The British mortar team find a nice safe spot to hide. |
It started off pretty well (once we'd remembered the rules!): I did lose a man to the British sniper, but Carl then sent his heavy machine gun team across the field, and one of the MG34s basically mowed them down.
Unfortunately, the other MG34 only had one window to shoot from, and looked unlikely to have any targets, since the British approach wasn't down the road (which was a lovely kill zone), at least to start with. Even worse, the British squad commander managed to get a spot on the original MG34, and called in the mortar team. Direct hit on the corner of the house. Not good.
The Panzergrenadiers' remaining MG34 gunner with a field of fire down the main road. |
Things went rather rapidly downhill from there: I lost another to the damn sniper, who kept picking off the one guy with any chance of spotting him. I did managed to pick off one rifleman with the remaining MG34, but by then I'd hit break point, then lost two more figures to failed morale rolls...
And that was that.
Overall thoughts? I still adore the Op: Squad reaction system - we had several occurrences of it during the game which were just perfect. However, I think there are two or three major flaws that need some attention before I'd want to use it again for a scenario with unbalanced sides..
To begin with, scenarios with one side defending don't work: if one side outnumbers the other, it gets a bunch of free, uncontested actions at the end of every turn. There are a couple of obvious fixes for this: either a) use single-figure blinds (sort of like IABSM) to make up the numbers or b) make up the points difference with Wait actions.

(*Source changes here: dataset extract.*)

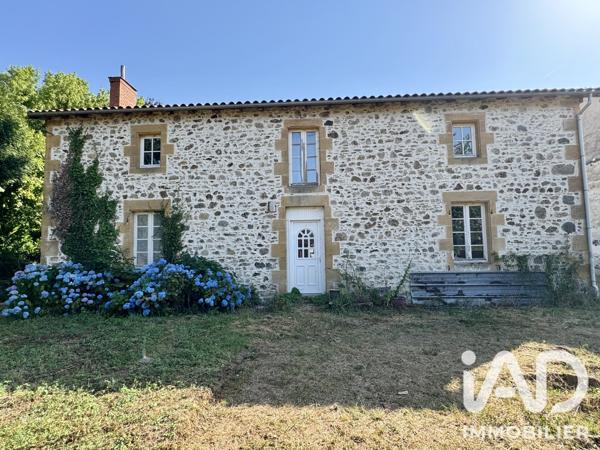 Maison à vendre 6 pièces 204 m² Saint-Maurice-des-Lions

Second - mortars are too damn accurate. It seems to be far too easy to lob a mortar bomb right where you want it. (And no, this isn't sour grapes - we did notice this in the playtest of a couple of the scenarios I ran at the start of the year).
More seriously, it's just too damn lethal. The first couple of times I'd played it, I'd put the carnage down to inexperience, but I really wasn't expecting the battle to be over with the Brits still, for the most part, two fields away. Again, not that hard to fix: dropping the base dice roll for combat from 3d6 to 2d6 could be one option.
It is though, as it stands, clearly designed as a pick-up game for fun, with roughly equal sides. And for that, it works great.